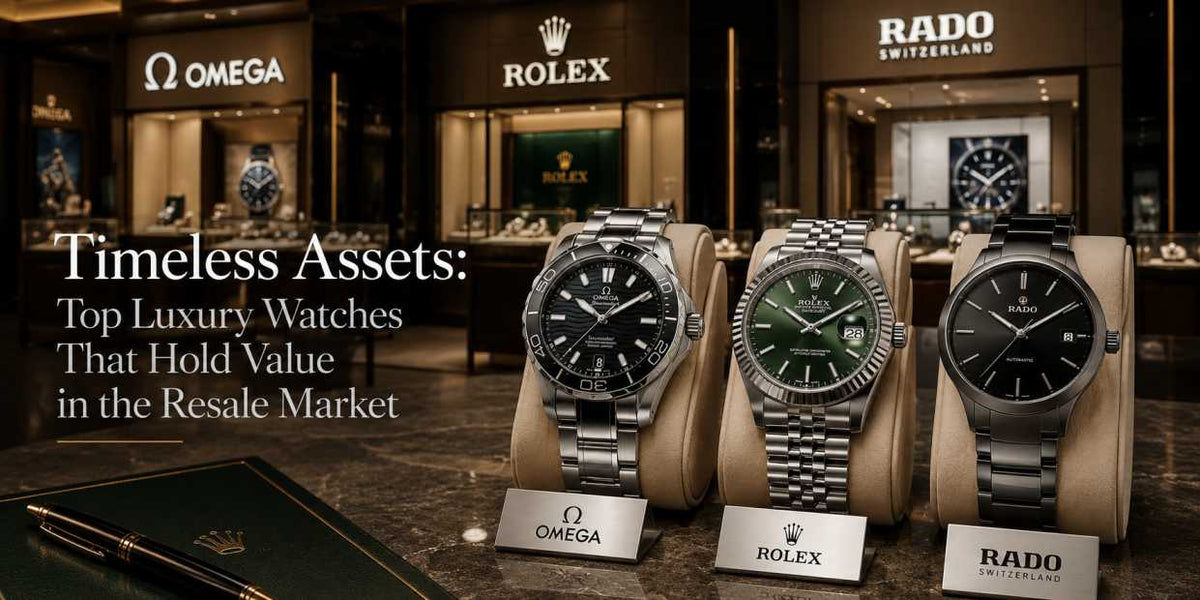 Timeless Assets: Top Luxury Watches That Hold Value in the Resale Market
───
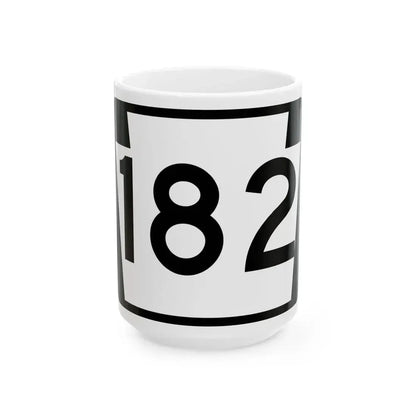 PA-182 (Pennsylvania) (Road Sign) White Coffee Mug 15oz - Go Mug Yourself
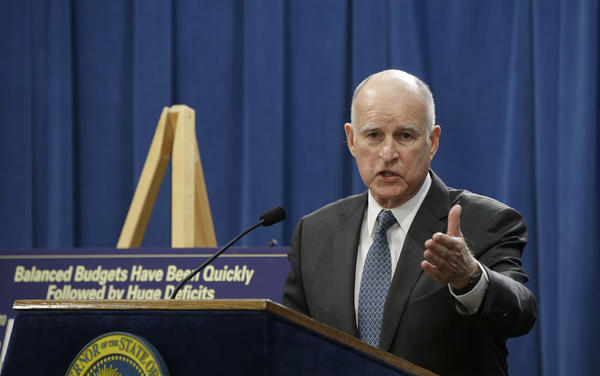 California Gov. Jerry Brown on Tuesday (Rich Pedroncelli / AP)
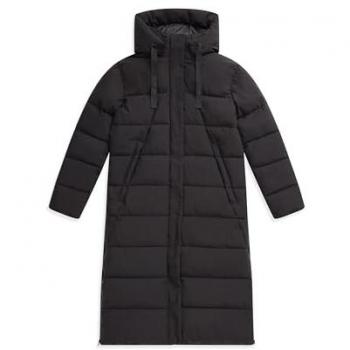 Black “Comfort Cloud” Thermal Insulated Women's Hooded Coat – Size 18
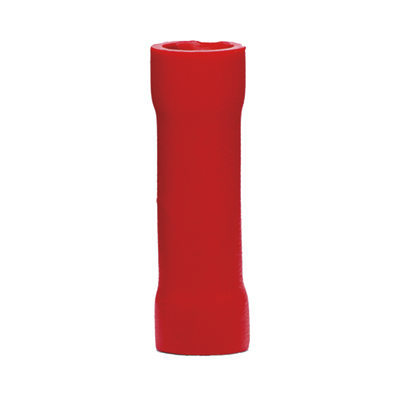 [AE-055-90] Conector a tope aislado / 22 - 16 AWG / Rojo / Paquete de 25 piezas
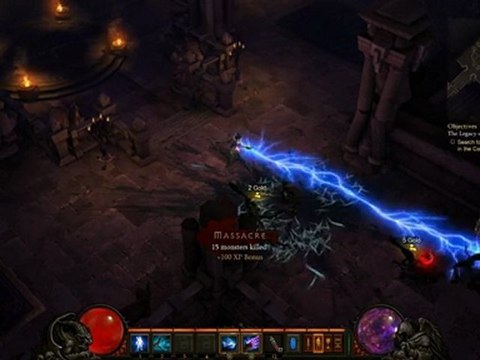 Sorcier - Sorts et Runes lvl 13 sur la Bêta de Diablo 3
───
No picture is to be printed. Output exactly the lines above from the line containing "California Gov. Jerry" through the line containing "Sorcier - Sorts".

 California Gov. Jerry Brown on Tuesday (Rich Pedroncelli / AP)
 Black “Comfort Cloud” Thermal Insulated Women's Hooded Coat – Size 18
 [AE-055-90] Conector a tope aislado / 22 - 16 AWG / Rojo / Paquete de 25 piezas
 Sorcier - Sorts et Runes lvl 13 sur la Bêta de Diablo 3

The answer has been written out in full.